Effect of high temperature deformation on the deformation behavior and thermodynamic properties of a Zr-based bulk amorphous alloy

Abstract

Zr 55.7 Cu 22.4 Ni 7.2 Al 14.7 alloy rods with a diameter of 3 mm were prepared by copper mold suction casting. The structure, thermodynamic properties and plastic deformation behavior of the specimens before and after compression in supercooled liquid region were studied by X-ray diffractometer (XRD), differential scanning calorimeter (DSC) and uniaxial compression machine (equipped with a high-temperature oven). The range of thermal forming process parameters was also discussed. The results show that the alloys have obvious glass transition and crystallization kinetics, and the crystallization activation energies obtained by the Kissinger and Ozawa equations are 297.1 kJ/mol and 294.9 kJ/mol, respectively. The amorphous alloys exhibit stress overshoot in low temperature region at high strain rates and deformation behavior of alloy softening in high temperature region at medium to high strain rates. Meanwhile, the viscosity of the alloy remains approximately constant at 740 K and 750 K, showing Newtonian fluid characteristic.
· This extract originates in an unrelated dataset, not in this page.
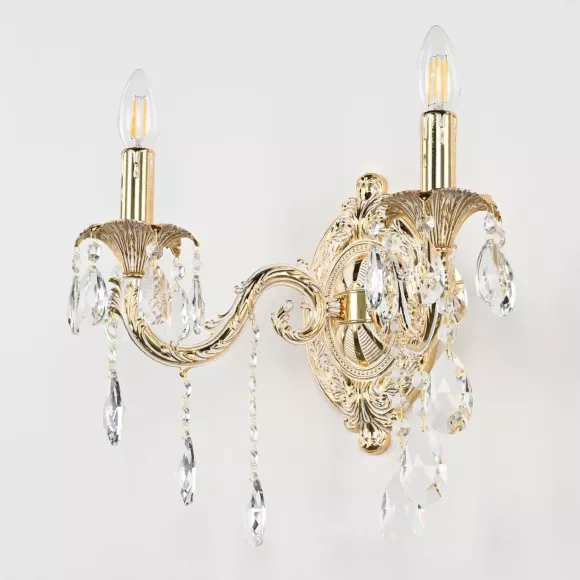Бра Bohemia Ivele Crystal AL7901B10/2/175 B GW, Золото, Металл, Классика стиль, декоративные элементы крупным планом Бра Bohemia Ivele Crystal AL7901B10/2/175 B GW, Золото, Металл, Классика стиль, декоративные элементы крупным планом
It can be concluded that the optimal thermoplastic forming process ranges from 740 K to 750 K, 5 × 10 −4 s −1 to 5 × 10 −3 s −1 . The crystallization activation energies of the specimens after deformation are slightly higher than before, and they increase with the increase of strain rate. • Zr-based bulk amorphous alloy has a good thermodynamic stability, which facilitates thermoplastic forming. • The amorphous alloy shows superplastic deformability at high temperatures and strain rates. • The crystallization activation energies of the deformed specimens are higher than that of the undeformed. • The crystallization activation energies of the alloys after deformation increase with increasing strain rate.